Intuiting the end
A telephone call brought an invitation to attend a Mass for the departed members of a local sports club – it is November, the month of the dead, such occasions are frequent. Has remembrance of the dead always been so much part of Irish life? Has there always been such acknowledgement by the entire community?
In England, in primary school days, it is hard to remember death being mentioned.
In junior class at our primary school, we would read of the travels of Saint Paul. His final journey includes a stop at the Three Taverns; a journey recorded on a map in the Bibles from which we would read with Miss Rabbage. “The Three Taverns” had a reassuring tone to the ears of a small boy at a tiny country primary school in the West of England. “The Three Taverns” conjured up pictures of flat-cap wearing, ruddy faced farmers in old tweed jackets and corduroy trousers in the town on market day. It had about it a sense of the safe and secure, not a sense of Paul’s impending fate..
Did Miss Rabbage not explain that Paul’s journey to Rome would lead to his death? I am sure she did; but there is no recall of it.
Perhaps it is part of the genius of childhood to see time as a series of discrete moments rather than as a continuous process. Memories come back as individual, self-contained entities; often without any narrative to link them together.
Think about memories of summer holidays in those youthful years: the pictures are often vivid. How many memories are there of the spring that preceded those summer experiences or of the autumn that followed?
Perhaps one of the reasons that children often have little or no sense of death is that time is the experience of the here and now, there is no sense of time as a process leading to an inexorable end. Tom Stoppard’s character Rosencrantz asks:
Whatever became of the moment when one first knew about death? There must have been one, a moment, in childhood when it first occurred to you that you don’t go on for ever. It must have been shattering – stamped into one’s memory. And yet I can’t remember it. It never occurred to me at all. What does one make of that?
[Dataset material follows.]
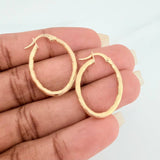Candongas Sandra 1.55gr / 2.7cm / Oro Amarillo 18K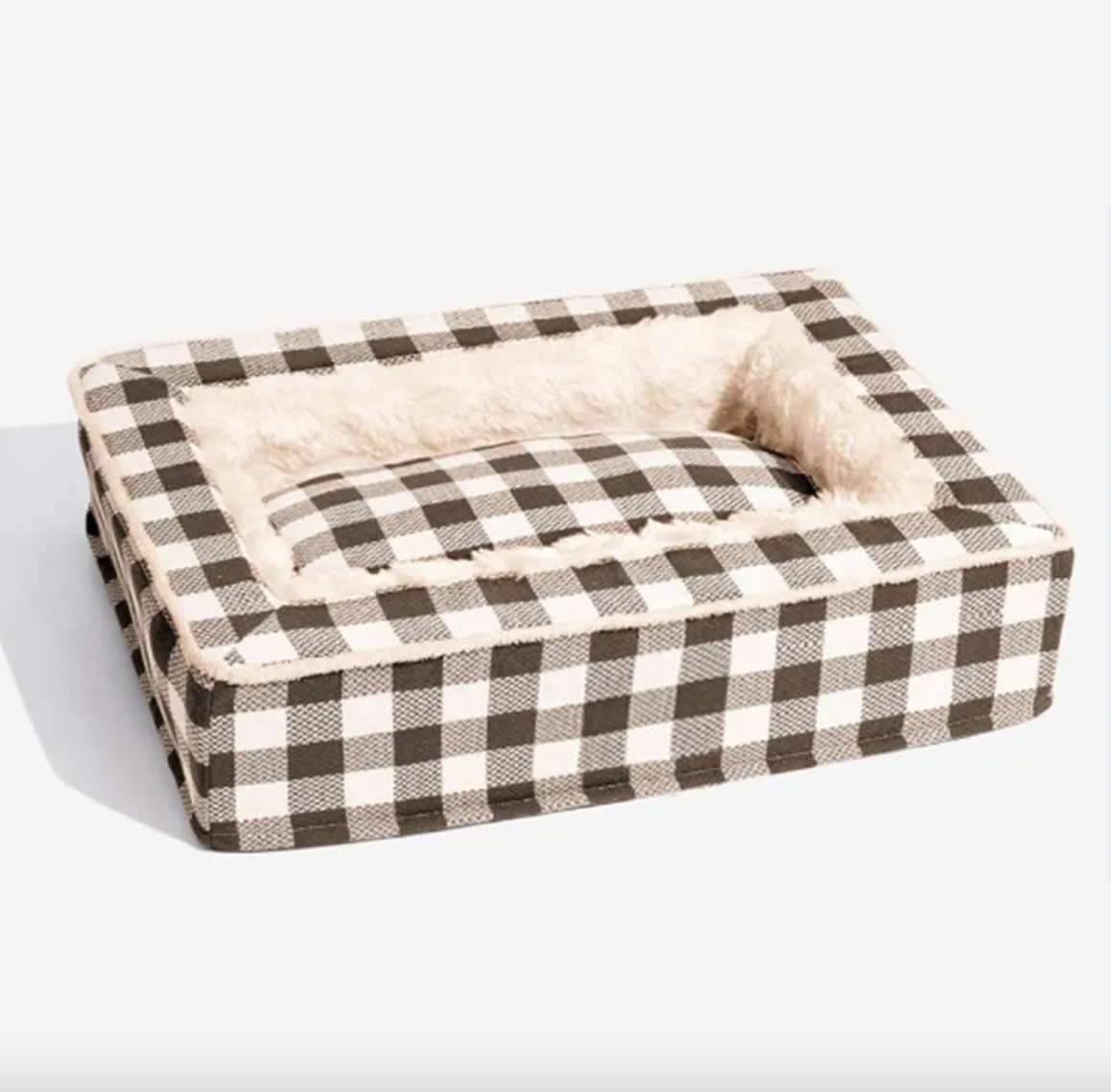 Classic Plaid Pet Bed (Removable & Washable) - Haven & Paw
We must be born with an intuition of mortality. Before we know the words for it, before we know that there are words, out we come, bloodied and squalling with the knowledge that for all the compasses in the world, there’s only one direction, and time is its only measure.
Is he right? Is there an intuitive knowledge of death? If so, why do The Three Taverns have an enduring happy place in my memories and the ensuing death of Paul have no place at all?